> **Your objective**:
The full set of lines below has to be duplicated exactly, with no picture kept.

> **Data provided**:
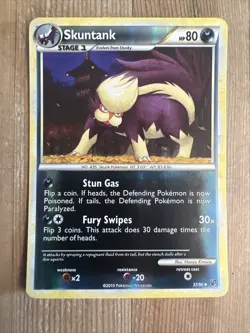 Pokemon TCG Skuntank HS-Undaunted 37/90 Reverse Holo Uncommon VLP - Image 1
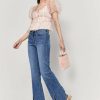 Francesca's Nikki Font Slit Bootcut Jeans Medium Jeans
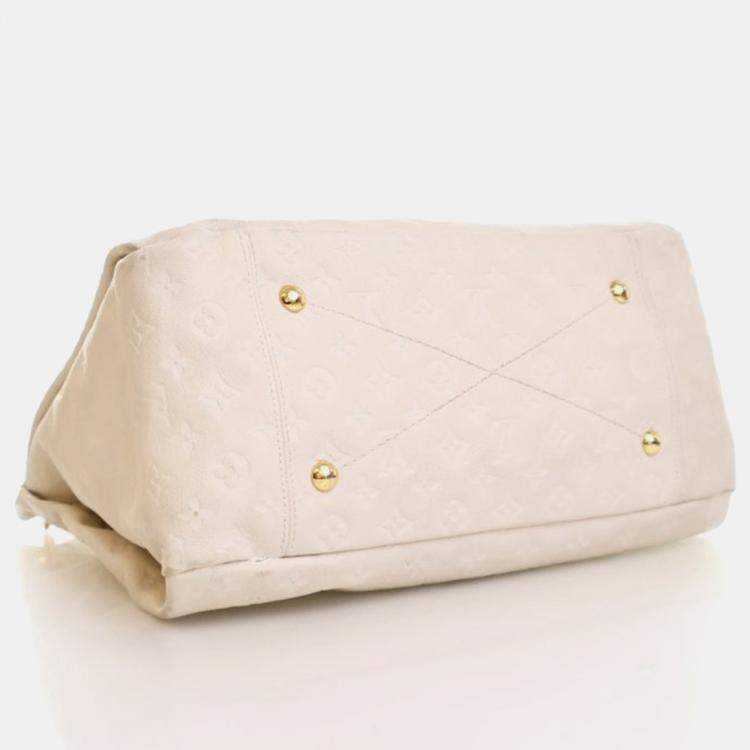 Pre Owned Louis Vuitton Artsy MM Cream White Monogram Empreinte Leather Shoulder Bag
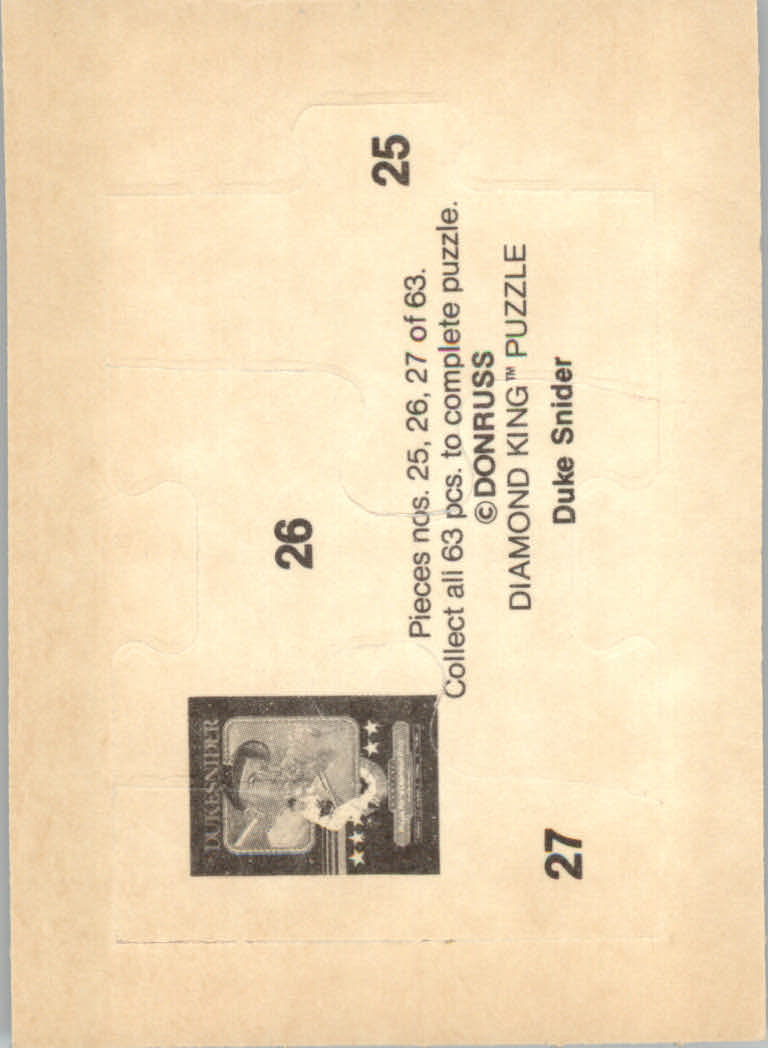 1984 Donruss Baseball "Duke Snider Puzzle" Cards - Picture 19 of 43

> **Problem solution**:
 Pokemon TCG Skuntank HS-Undaunted 37/90 Reverse Holo Uncommon VLP - Image 1
 Francesca's Nikki Font Slit Bootcut Jeans Medium Jeans
 Pre Owned Louis Vuitton Artsy MM Cream White Monogram Empreinte Leather Shoulder Bag
 1984 Donruss Baseball "Duke Snider Puzzle" Cards - Picture 19 of 43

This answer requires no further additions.